By the end of the war, it still wasn’t finished, although he continued to work on it. In 1947, he wrote a revision to The Hobbit that would “provide a more satisfactory explanation of Gollum’s attitude to the Ring” and finally, by the autumn of 1949, he completed his great masterpiece. He had written it “in [his] life’s blood” (qtd in Carpenter 208). It truly was his life’s work, a culmination of all of his literary and linguistic talents. After a few setbacks from publishers, it was finally published in 1954 as a trilogy. The Fellowship of the Ring and The Two Towers were published first; Return of the King was published in late 1955 after Tolkien had completed the appendices, which added details of the history and linguistics of the people in his great mythology.

The books were a huge success, garnering Tolkien fame throughout Britain, and especially in America where LOTR became a bestselling book and where there was a campus cult in the sixties; young Americans began to wear badges that read “Frodo Lives,” “Gandalf for President,” and “Come to Middle-earth.” Graffiti slogans read “J.R.R. Tolkien is Hobbit-forming.” The books’ popularity also spread throughout Europe, as it had been translated into several languages. Millions of copies had been sold around the world, and, after the release of the films in the beginning of the 21st century, the sales in the books peaked again. The books’ enduring popularity is due to the universal themes, including human existence, courage, and hope. Dr. Patrick Curry stated that “new generations of readers can keep on finding meanings from their own lives” (“J.R.R. Tolkien: Origins”). And through reading the works of Middle-

earth, readers are able to view the splendor of Tolkien’s rich world, a world that was based in language. There may never be a fictional story so rich in detail again.

J.R.R. Tolkien retired from his professional career at Oxford in 1959, where he had “brought to even the most intricate aspects of his subject a grace of expression and a sense of the larger significance of the matter.” (Carpenter 139); he had, as C.S. Lewis once wrote of him, been inside language” (qtd in Carpenter 138) and his mythology, ranging from The Silmarillion to The Lord of the Rings is evidence to that.

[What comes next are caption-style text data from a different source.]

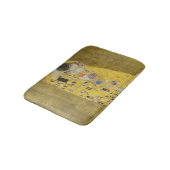 Gustav Klimt - De Kus Badmat (Gekanteld)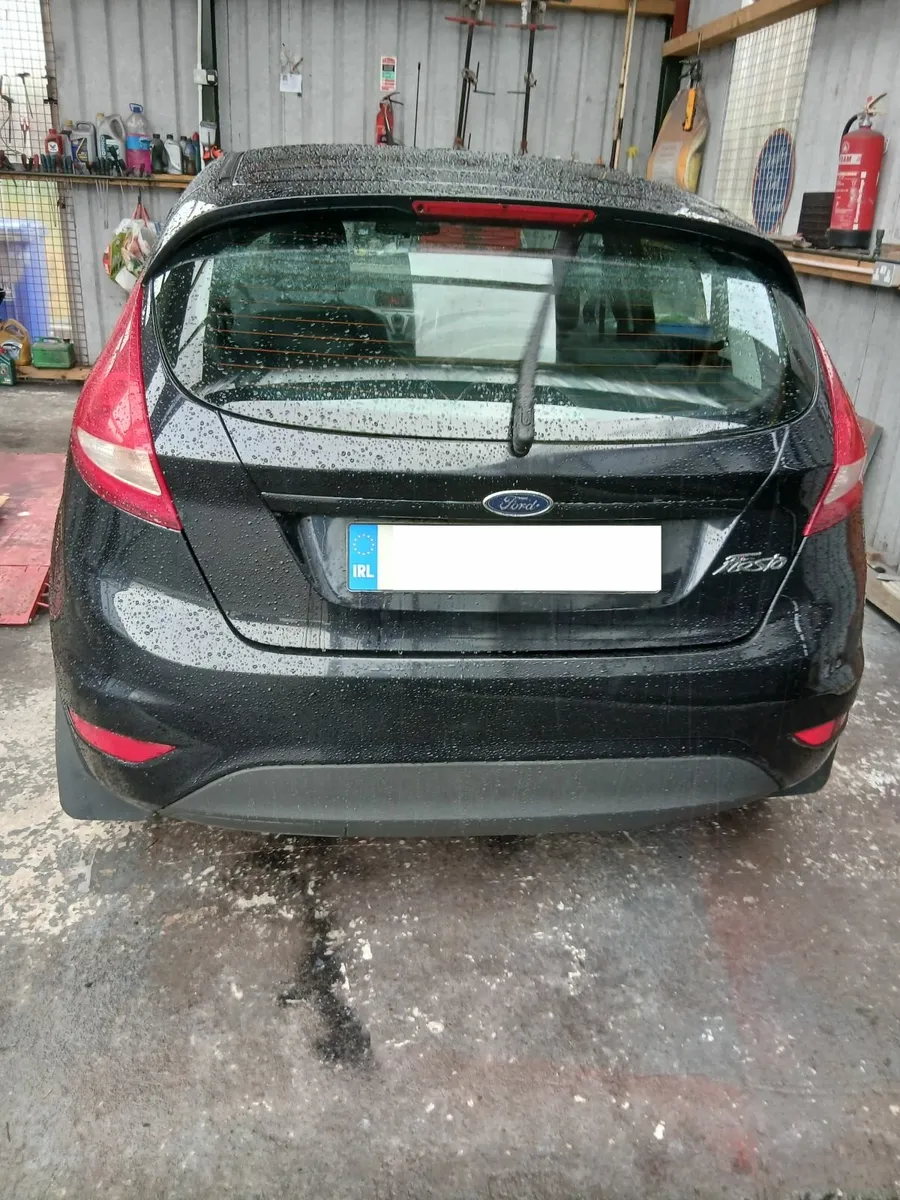 Ford Fiesta 2009 - Image 4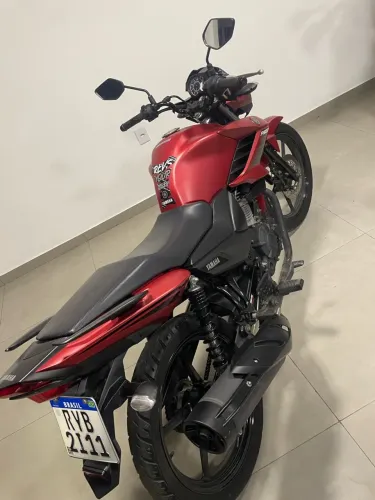 Yamaha Fazer Fz15 150 Flex 2023
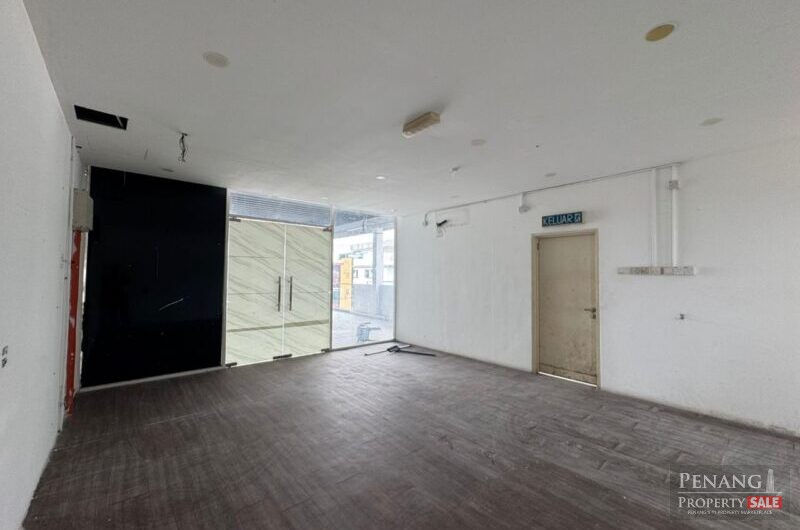 (3.5 STOREY) Icon City, Bukit Mertajam, Shoplot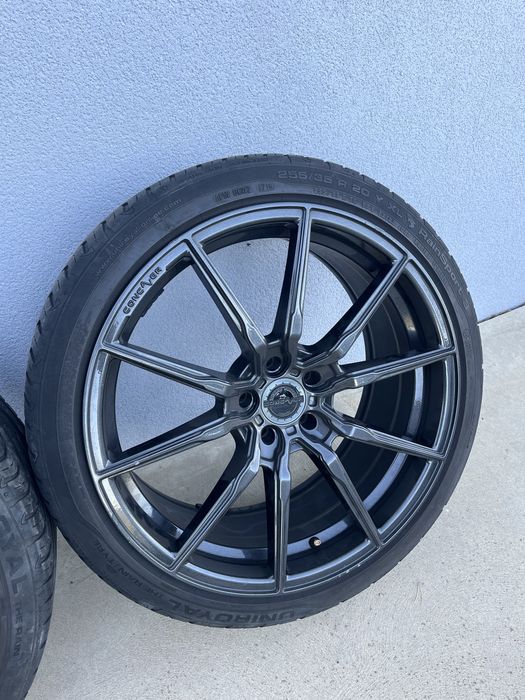 Concaver cvr4 audi a4 a5 a6 a7 a8 b9 5x112 9j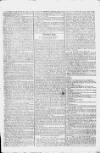Sherborne Mercury Mon 30 Mar 1747 Page 3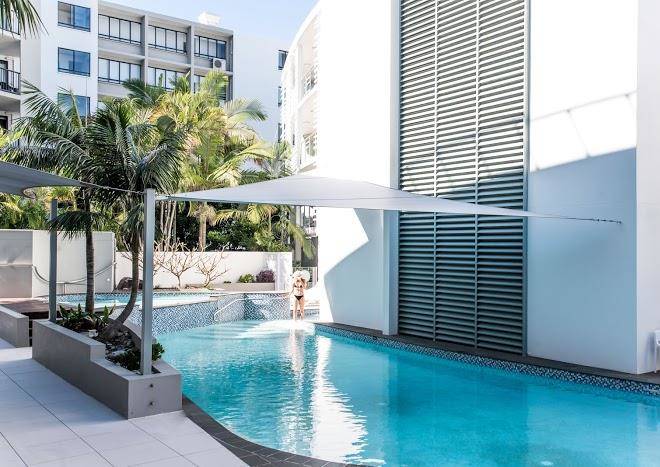 Rumba beach resort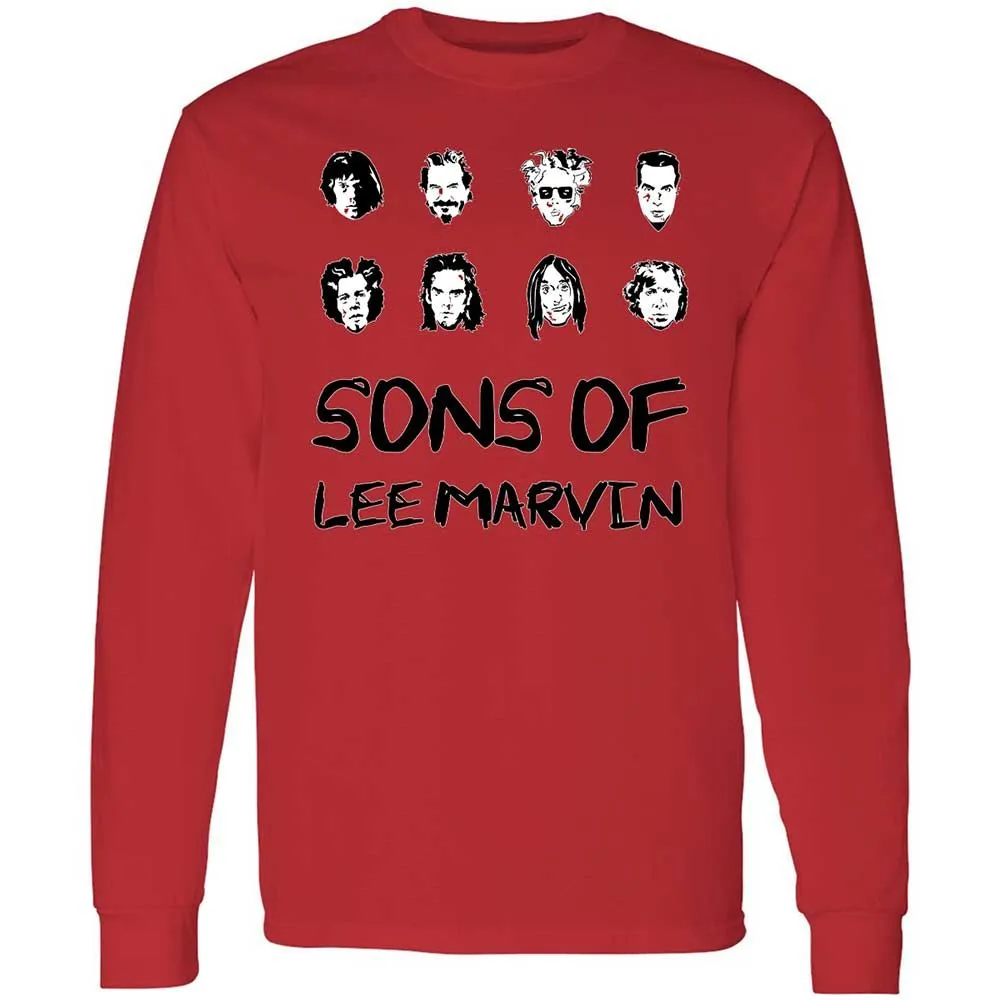The Sons of Lee - Red - 8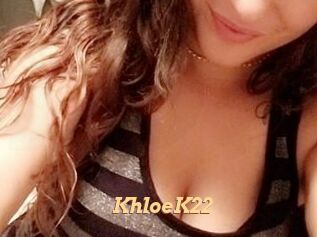 KhloeK22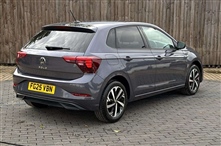 Used Volkswagen Polo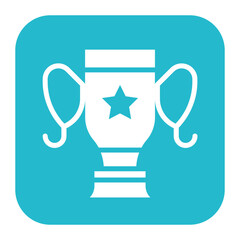 Award icon vector image. Can be used for Archery.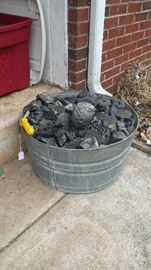 Bucket Full of Coal 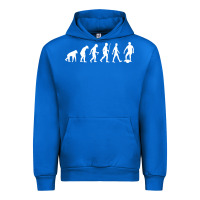 Cobalt onewheel evolution Urban Hoodie - artisFamous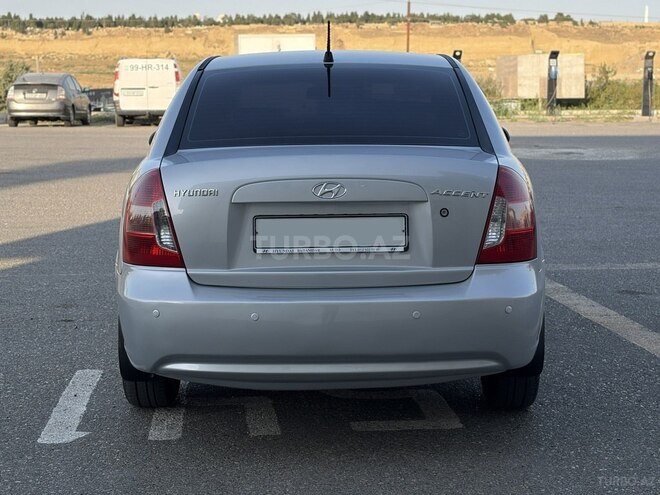 Hyundai Accent 2007, 321,000 km - 1.4 l - Bakı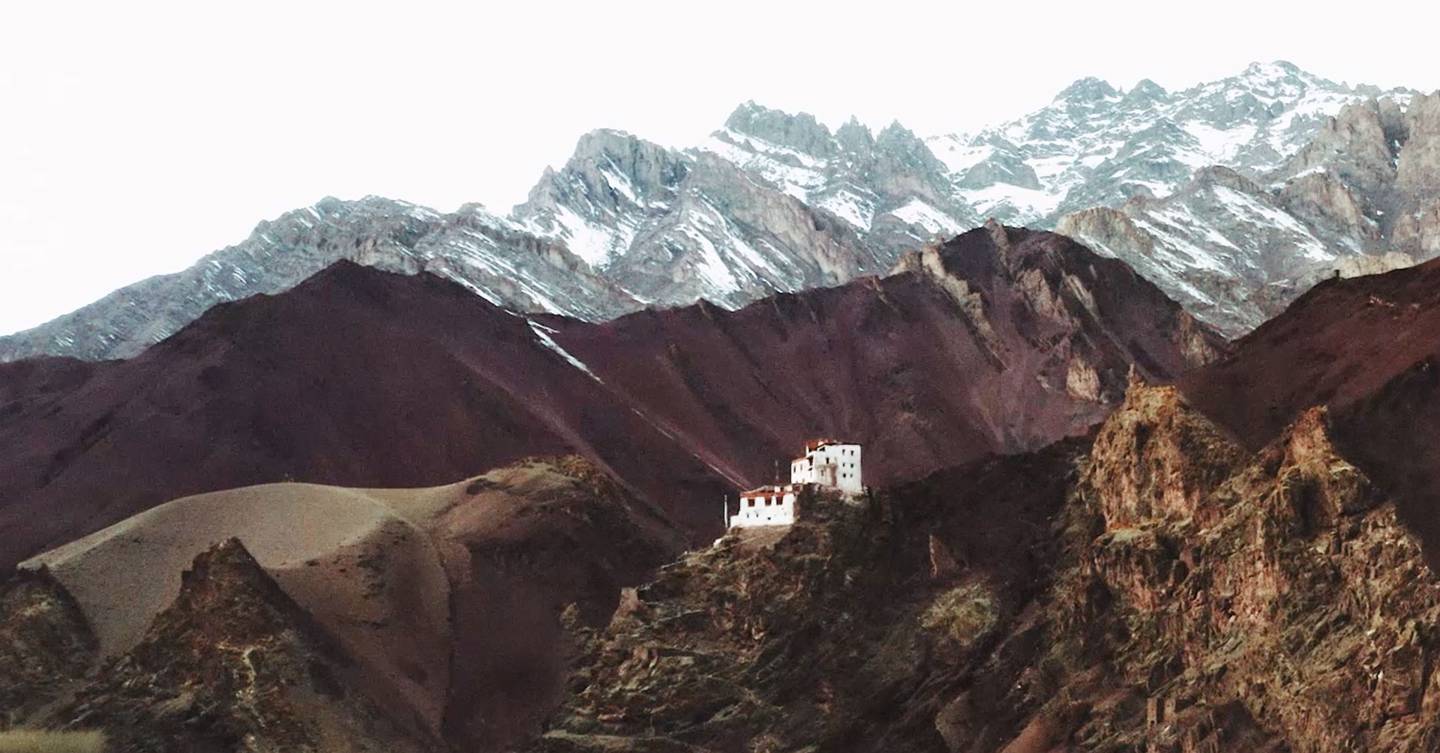 VIDEO: A closer look at Ladakh’s lambent landscape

He enjoyed the last years of his life with Edith, his wife, and died on September 2, 1973, leaving behind a whole legacy of a life devoted to language.


Works Cited

Carpenter, Humphrey. J.R.R. Tolkien. Boston: Houghton Mifflin, 2000.

Noel, Ruth S. The Languages of Tolkien’s Middle-earth. Boston: Houghton Mifflin, 1974. Print.

Shippey, Tom. “J.R.R. Tolkien: Creator of Middle-earth.” The Fellowship of the Ring  Appendices. DVD. New Line Cinema, 2001.

Shippey, Tom. The Road to Middle-earth. Boston: Houghton Mifflin, 2003. Print.

Smith, Ross. “Fitting Sense to Sound: Linguistic Aesthetics and Photosemantics in the Work of  J.R.R. Tolkien.” Tolkien Studies 3 (2006): 1-20. Project Muse. Web. 21 Apr. 2012.

Tolkien, J.R.R. The Lord of the Rings. 2nd Ed. Boston: Houghton Mifflin, 1994. Print.

Tolkien, J.R.R. Preface. The Silmarillion. Ed. Christopher Tolkien. 2nd Ed. New York:  Ballentine, 2002. Print.

Ugolnik, Anthony J. “Wordhord Onleac: The Medieval Sources of J.R.R. Tolkien’s Linguistic  Aesthetic.” Mosaic 10.2 (1977): 15-31. ProQuest. Web. 21 Apr. 2012.

Unwin, Raynor. “J.R.R. Tolkien: Origins of Middle-earth.” The Two Towers Appendices.  DVD.  New Line Cinema, 2002.